_EXERCISE OBJECTIVE_. An exact restatement of every record is required.

[Source records]
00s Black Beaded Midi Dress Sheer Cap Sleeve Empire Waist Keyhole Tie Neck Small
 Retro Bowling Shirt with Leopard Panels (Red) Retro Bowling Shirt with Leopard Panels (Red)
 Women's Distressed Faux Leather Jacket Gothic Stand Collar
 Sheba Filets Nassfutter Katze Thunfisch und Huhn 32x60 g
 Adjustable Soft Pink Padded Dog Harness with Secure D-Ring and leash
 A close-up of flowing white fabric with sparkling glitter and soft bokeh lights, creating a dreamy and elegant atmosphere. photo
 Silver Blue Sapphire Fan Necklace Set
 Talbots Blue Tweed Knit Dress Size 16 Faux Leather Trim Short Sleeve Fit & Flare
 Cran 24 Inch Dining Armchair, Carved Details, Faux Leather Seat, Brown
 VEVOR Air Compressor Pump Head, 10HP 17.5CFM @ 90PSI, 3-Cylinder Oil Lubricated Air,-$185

_WRITTEN ANSWER_.
00s Black Beaded Midi Dress Sheer Cap Sleeve Empire Waist Keyhole Tie Neck Small
 Retro Bowling Shirt with Leopard Panels (Red) Retro Bowling Shirt with Leopard Panels (Red)
 Women's Distressed Faux Leather Jacket Gothic Stand Collar
 Sheba Filets Nassfutter Katze Thunfisch und Huhn 32x60 g
 Adjustable Soft Pink Padded Dog Harness with Secure D-Ring and leash
 A close-up of flowing white fabric with sparkling glitter and soft bokeh lights, creating a dreamy and elegant atmosphere. photo
 Silver Blue Sapphire Fan Necklace Set
 Talbots Blue Tweed Knit Dress Size 16 Faux Leather Trim Short Sleeve Fit & Flare
 Cran 24 Inch Dining Armchair, Carved Details, Faux Leather Seat, Brown
 VEVOR Air Compressor Pump Head, 10HP 17.5CFM @ 90PSI, 3-Cylinder Oil Lubricated Air,-$185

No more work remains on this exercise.